#### [About this exercise]
Only the lines from the one containing "Scream Ghostface Horror" through the end of the material should be printed, exactly as they appear. Leave out pictures.

#### [Task data]
————

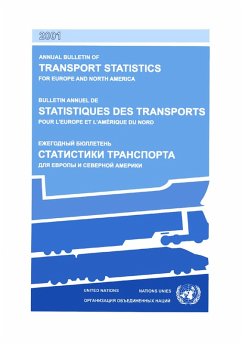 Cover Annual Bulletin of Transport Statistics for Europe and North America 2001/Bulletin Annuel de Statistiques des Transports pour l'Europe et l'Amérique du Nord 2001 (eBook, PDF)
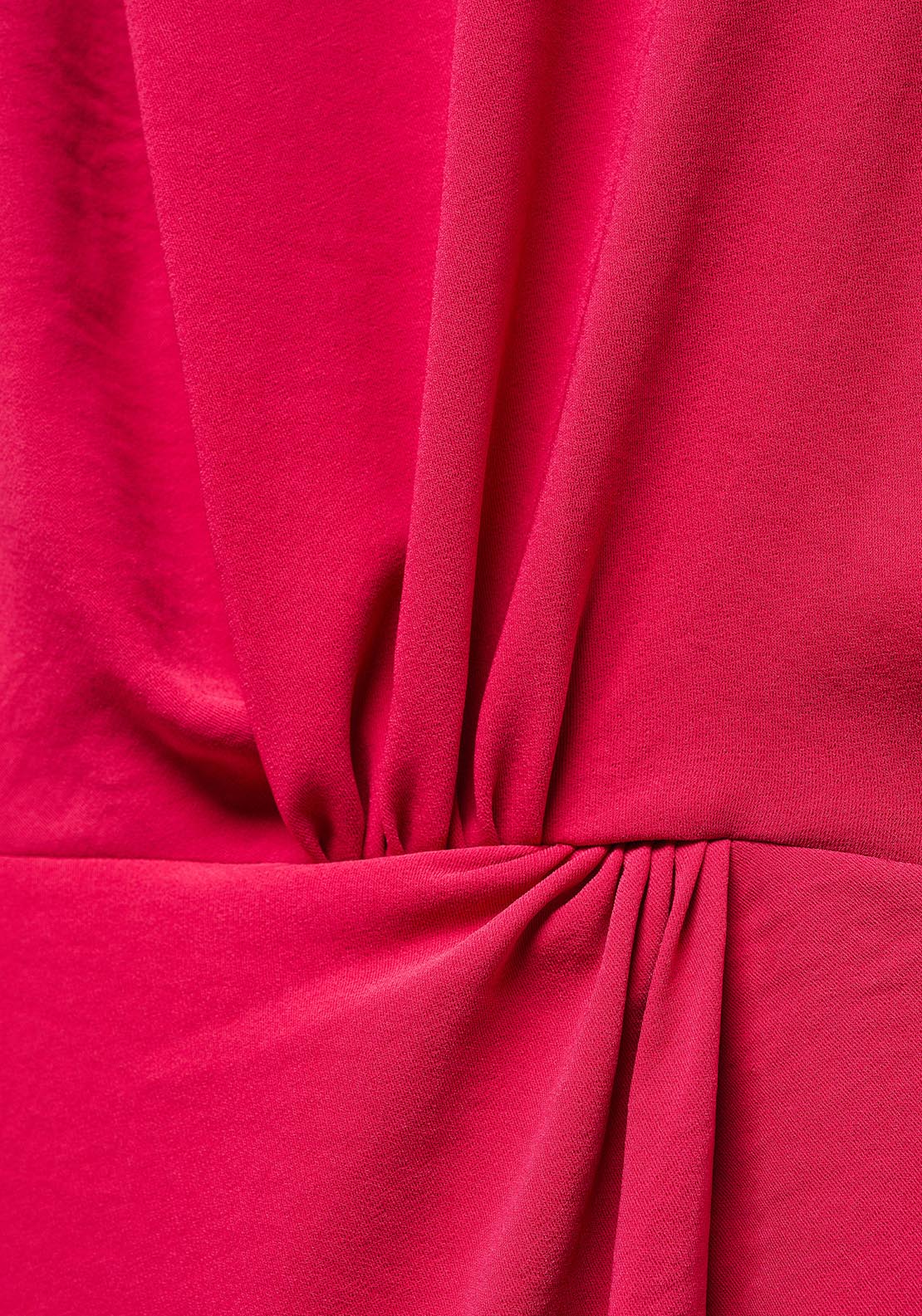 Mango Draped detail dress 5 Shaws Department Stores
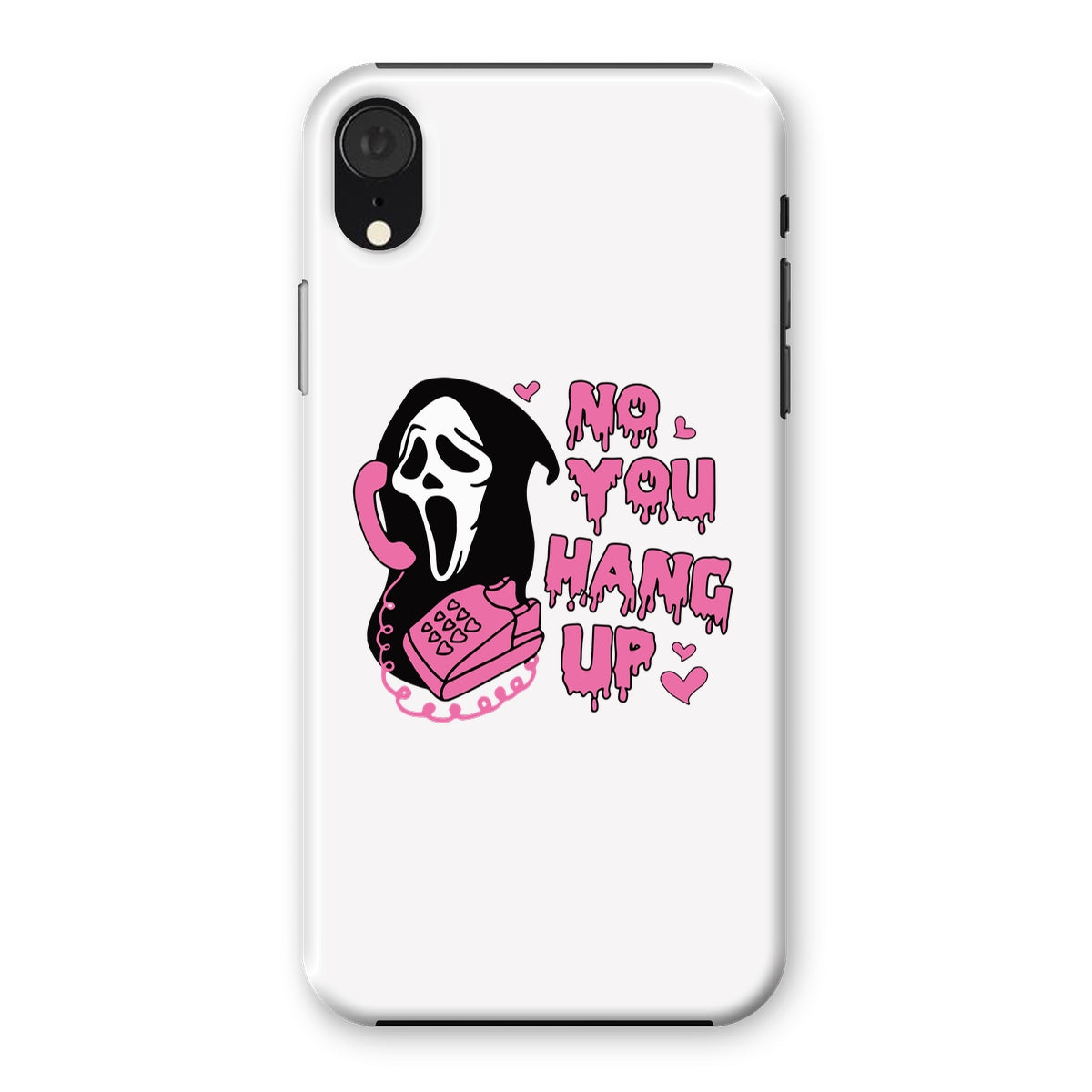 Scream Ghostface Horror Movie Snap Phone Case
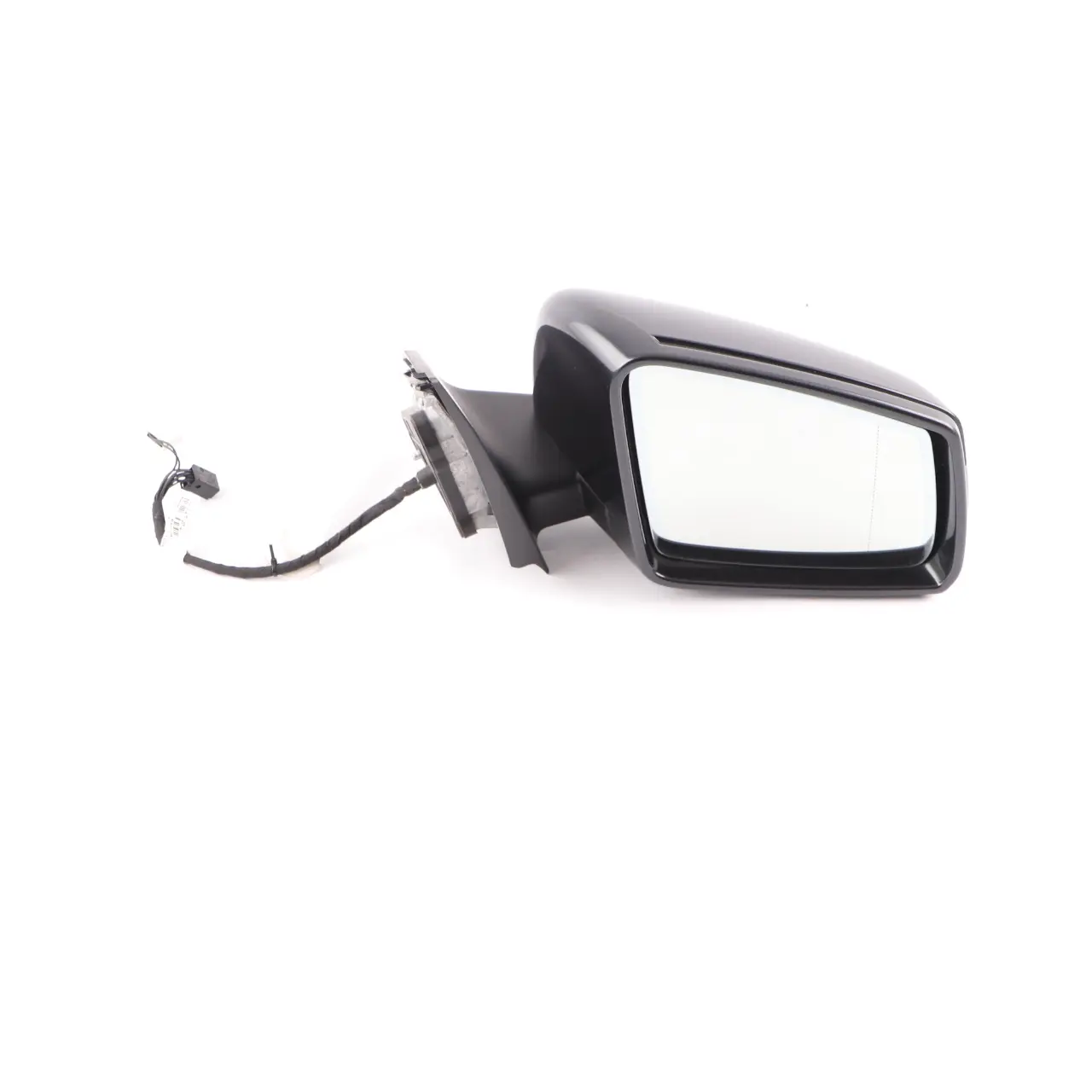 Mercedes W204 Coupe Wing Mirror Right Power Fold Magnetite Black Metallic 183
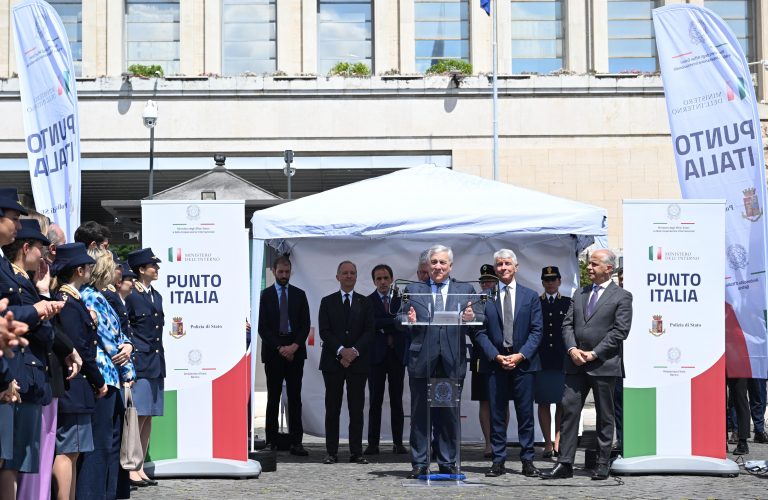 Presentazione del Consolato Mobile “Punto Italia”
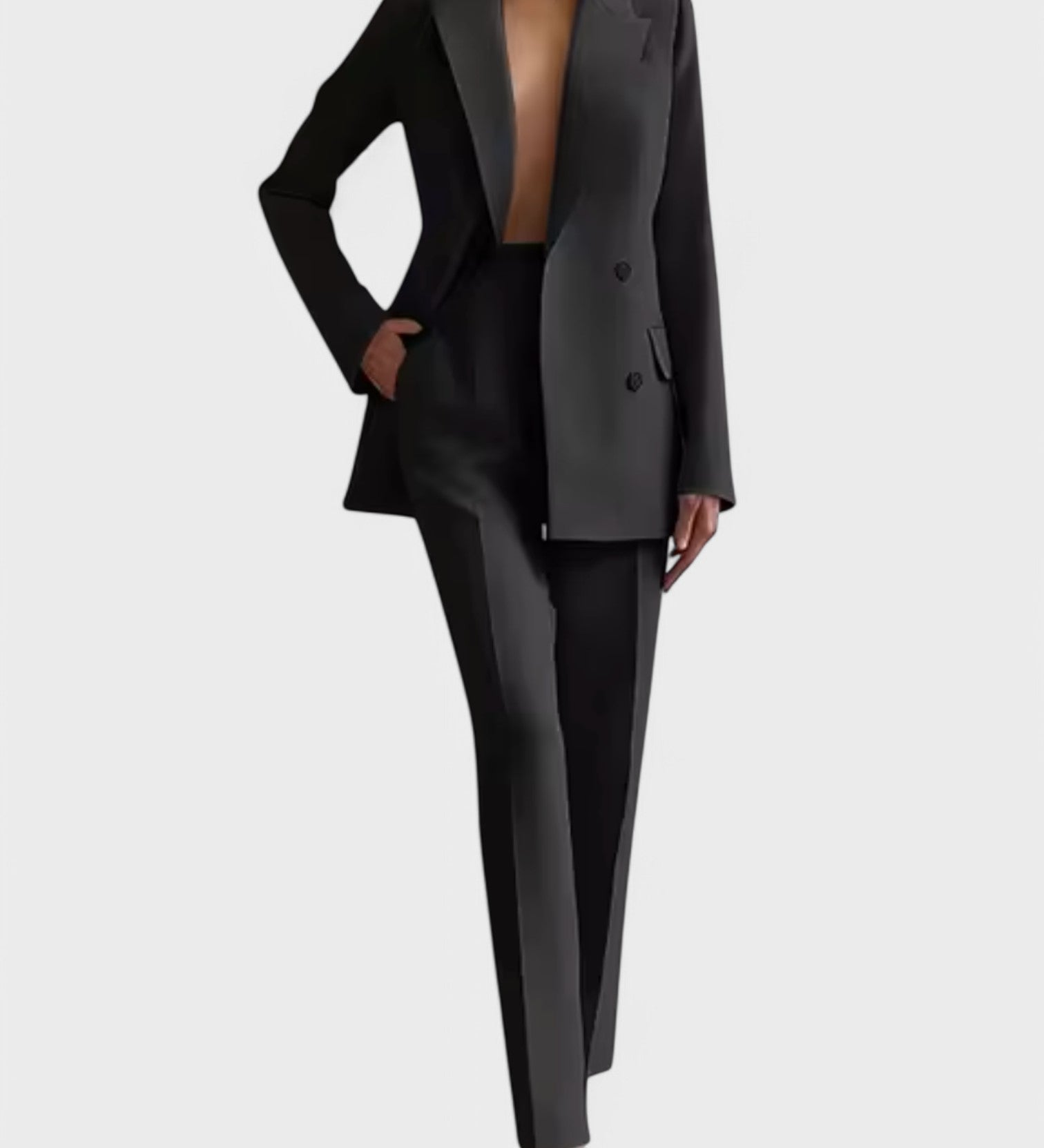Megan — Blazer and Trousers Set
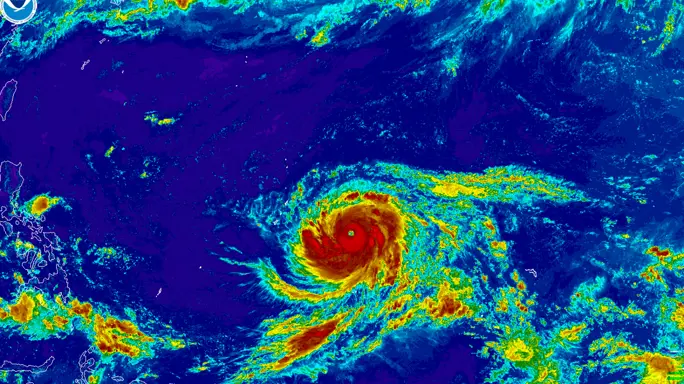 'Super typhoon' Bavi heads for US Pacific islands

————

#### [Result of the task]
 Scream Ghostface Horror Movie Snap Phone Case
 Mercedes W204 Coupe Wing Mirror Right Power Fold Magnetite Black Metallic 183
 Presentazione del Consolato Mobile “Punto Italia”
Megan — Blazer and Trousers Set
 'Super typhoon' Bavi heads for US Pacific islands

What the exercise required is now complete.